Behind almost every Christian leader in Russia is a story of God’s redeeming grace. Yuri, for example, was a hard-drinking, carousing truck driver whose mother never ceased to pray for him. When he roused from a drunken stupor, having collapsed on the floor, thinking he was dying, he cried out to God to save him, and his mother’s prayers were answered. Following three years at the former Donetsk Christian University in Ukraine, he headed to Vladivostok, where the Russian submarine fleet had been headquartered, with $50 USD in his pocket and a sack of potatoes that he had brought with him. Now decades later he has given birth to an unknown number of registered churches and Bible study groups which, he trusts, will grow into churches.

Another hero of mine is a school teacher turned pastor, who having seen a Bible for the first time in his life in a market, borrowed the book, took it home and read all night. Returning the Bible the next morning, he inquired as to where he could learn more about this book and this God who sent His son to show us life. He quit his job as a school teacher, took his wife and three kids, and rode across Russia on a train for seven days and nights to a Christian school Guidelines has been involved in. Three years later, having graduated with a certificate in Bible, he came back to his former village and planted a church.

I think, too, of the former dentist who gave up a flourishing practice and comfortable life to take a post graduate degree in Bible, then bring his family from Ukraine to Siberia, to spend the next 17 years in this punishing climate, helping plant a church and give birth to a Bible school and seminary training pastors and Christian leaders.

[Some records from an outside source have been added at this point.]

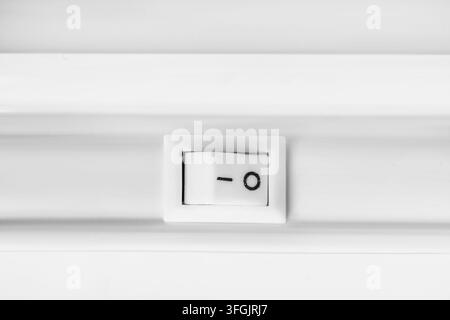 White plastic device switch toggle button closeup Stock Photo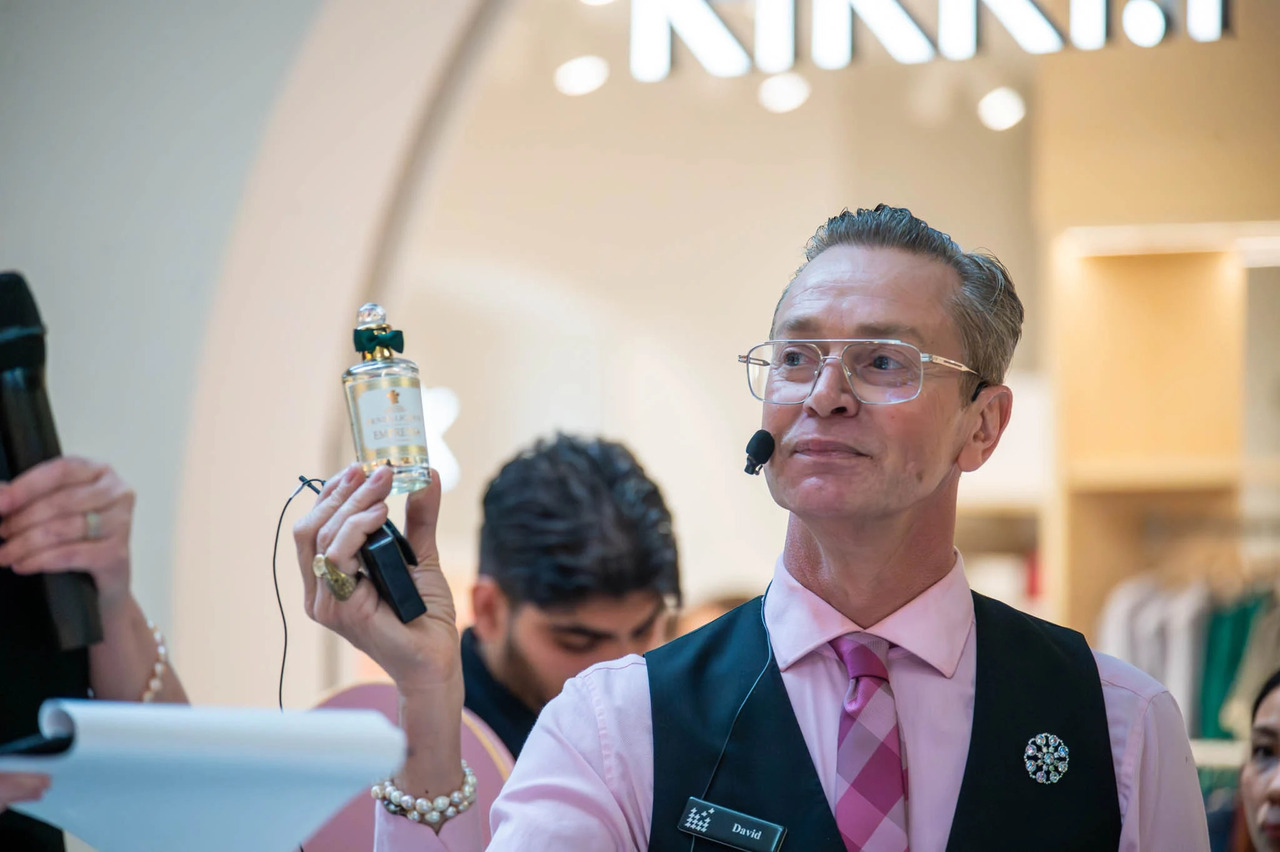 a man with glasses in a pink shirt holding a fancy bottle of fragrance 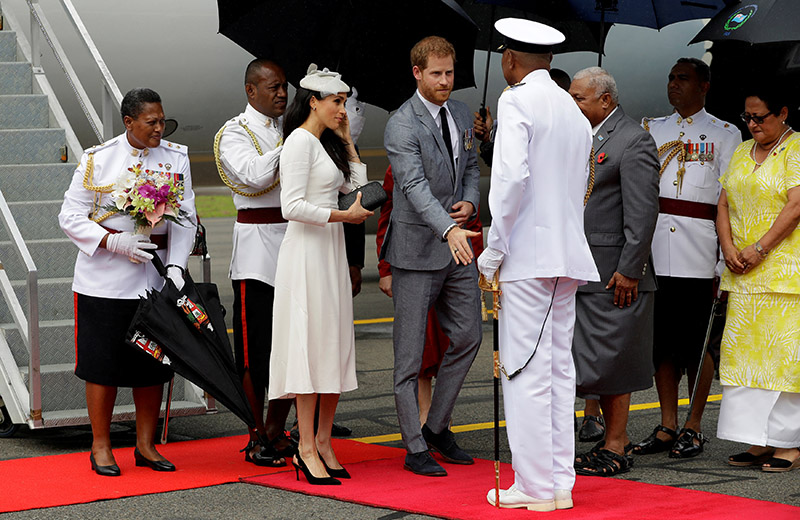 Britain's Prince Harry and Meghan, Duchess of Sussex, arrive in Suva, Fiji, on Tuesday, October 23, 2018. Photo: Kirsty Wigglesworth/Pool via REUTERS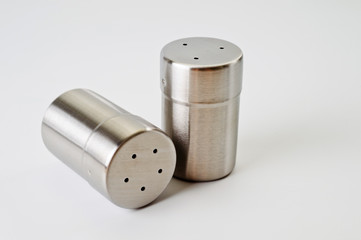 Metal containers with holes in the lids for salt and pepper, for serving the kitchen table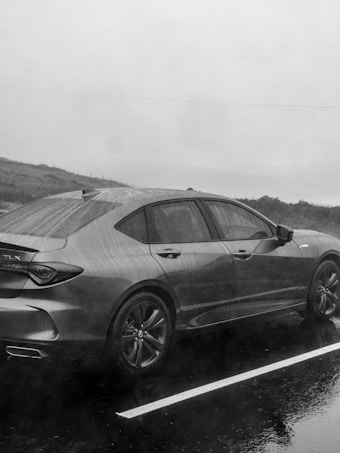 A sleek sedan is parked in a wet outdoor setting with rain visibly falling. The ground is reflective with water, and the scenery is somewhat obscured by fog or mist. The car's surface is shiny, indicating recent rainfall.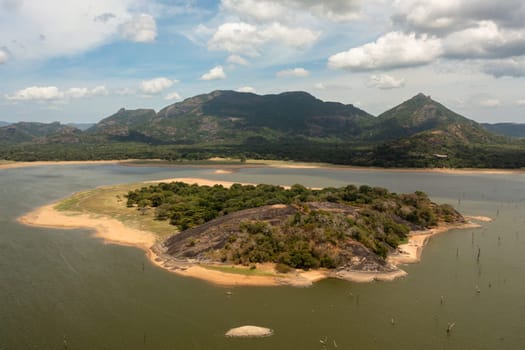 Aerial view of island and a lake in the jungle in a mountain valley. Kandalama Reservoir in Sri Lanka.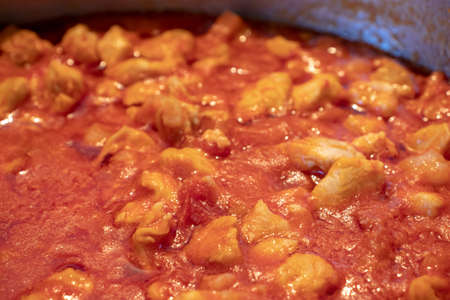 A pot full of chicken sauce, made with only the tomato sauce and the chicken pieces.の写真素材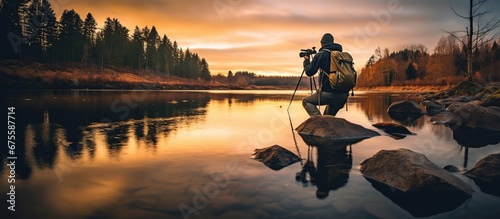 A man photographer on a beautiful lake. photo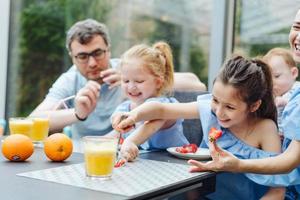 gelukkig familie aan het eten vers fruit ontbijt foto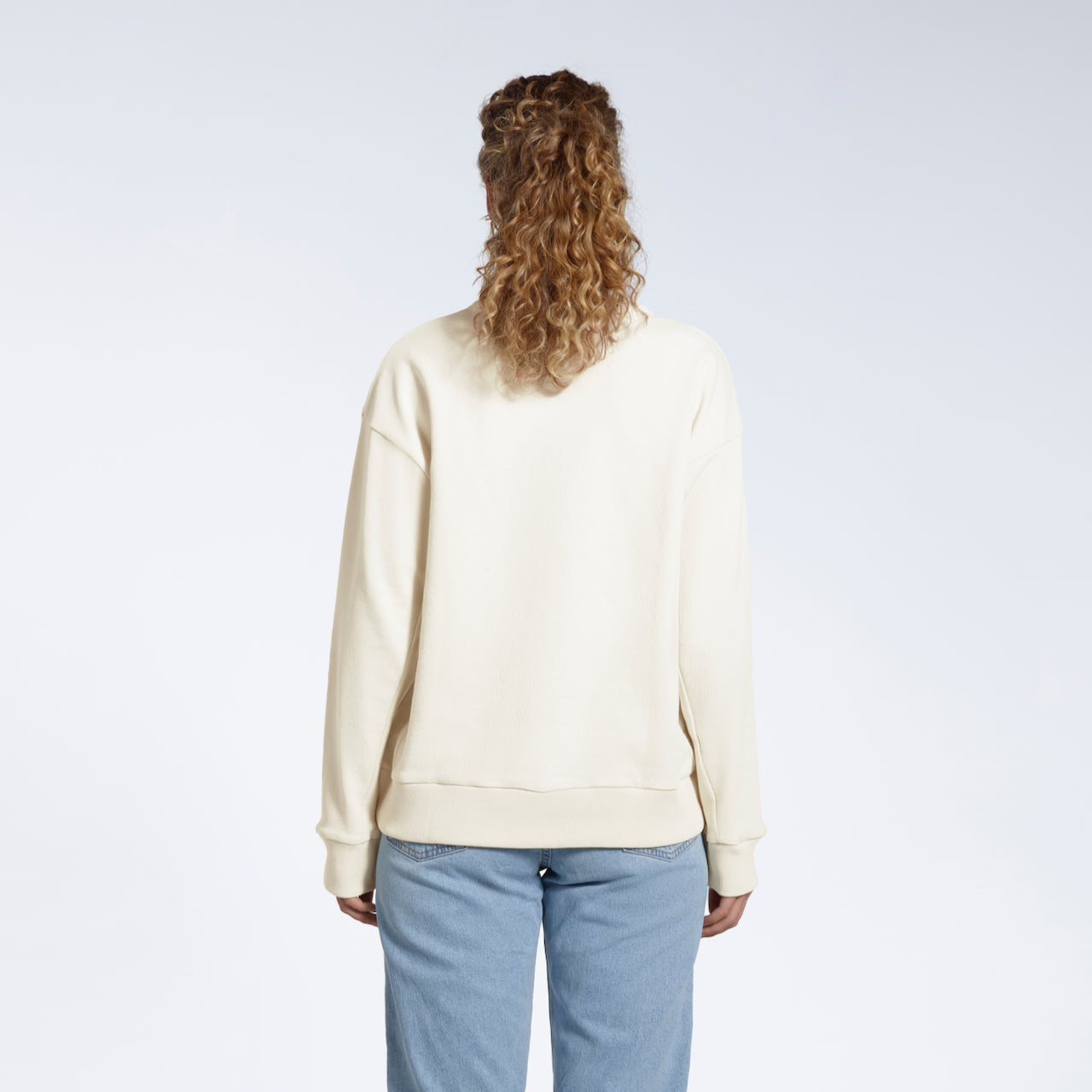 A woman facing away from the camera with her arms by her sides, modelling a plain ecru oversized organic cotton sweatshirt.
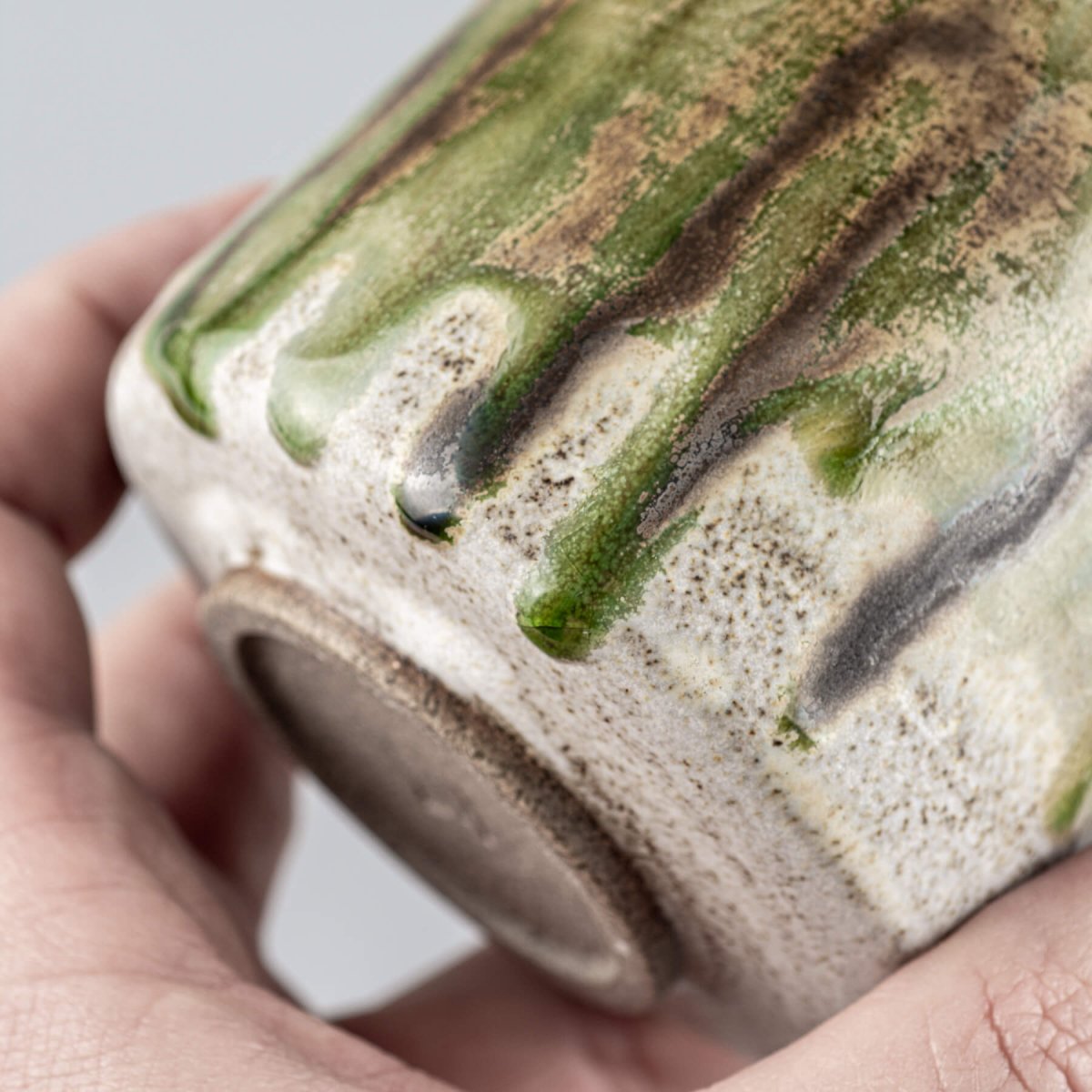 Green and brown glazed ceramic mug with handmade details and artistic finish.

Wang Ming Dao, a Chinese pastor who was imprisoned by the Communists for 22 years, used to say that the hard path is usually the path God would have us walk. Most of the Russian pastors I know believe that. They are as tough as the winters that freeze Siberia. They just don’t know that things can’t happen, and with God’s help, they make them happen. God give us more made of that tough stuff that doesn’t give up or quit easily.